> [What you have to do] Would you give the listing back word for word once its pictures are removed?
═════ Given material ═════
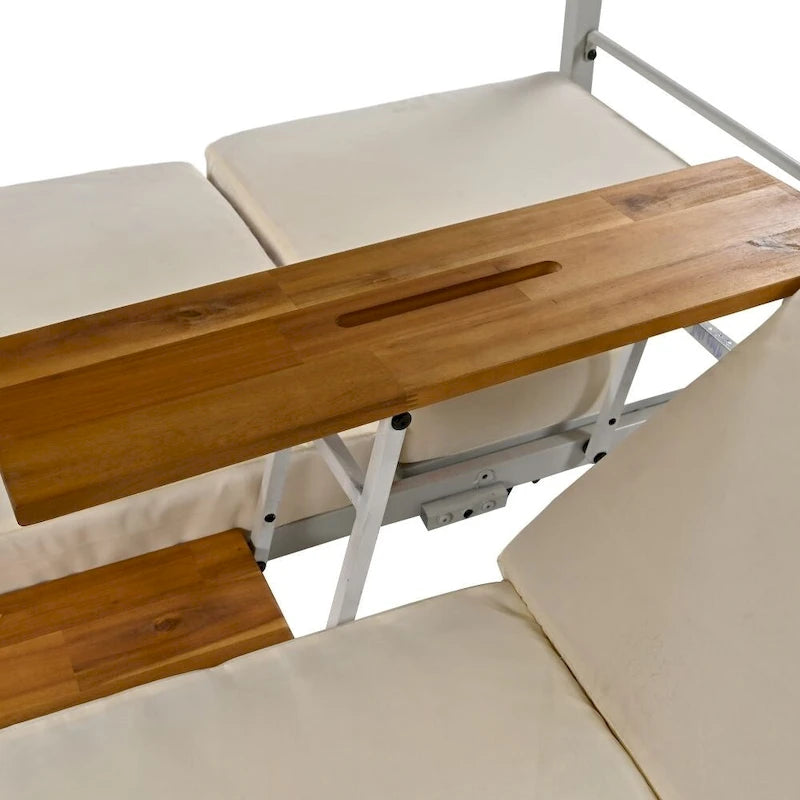 Bain de soleil/lit de repos extérieur avec coussins, sièges réglables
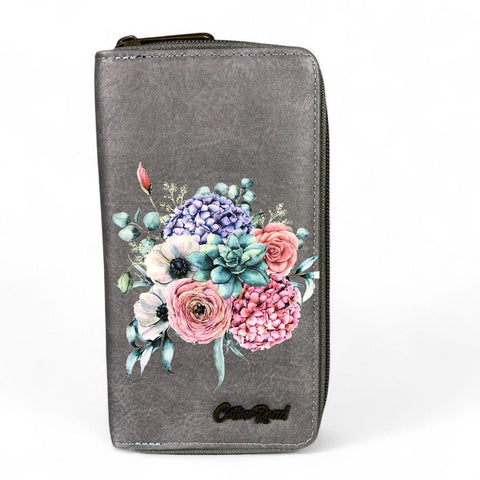 Large GREY FLORAL PU LEATHER Cotton Road Wallet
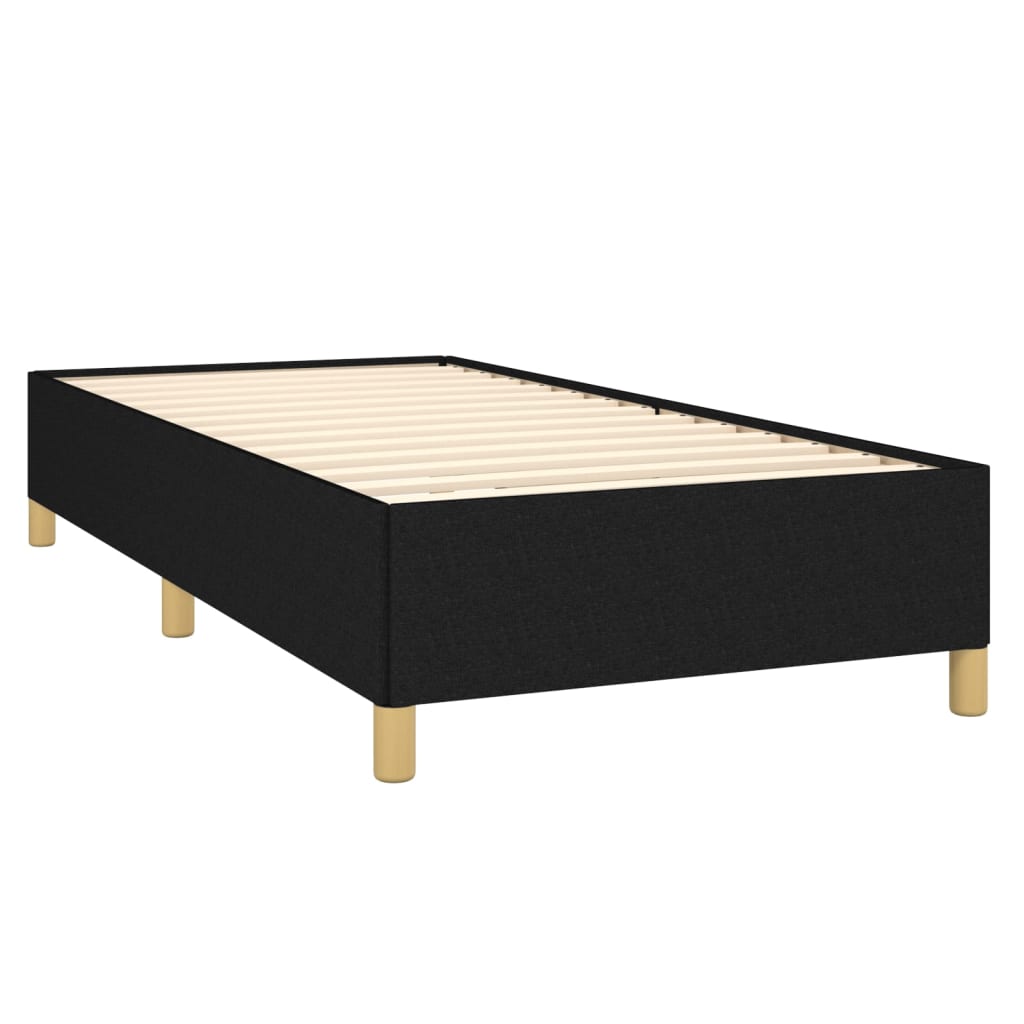 Spring bed frame with black mattress 90x200 cm in fabric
═════
> [Task result]
 Bain de soleil/lit de repos extérieur avec coussins, sièges réglables
 Large GREY FLORAL PU LEATHER Cotton Road Wallet
 Spring bed frame with black mattress 90x200 cm in fabric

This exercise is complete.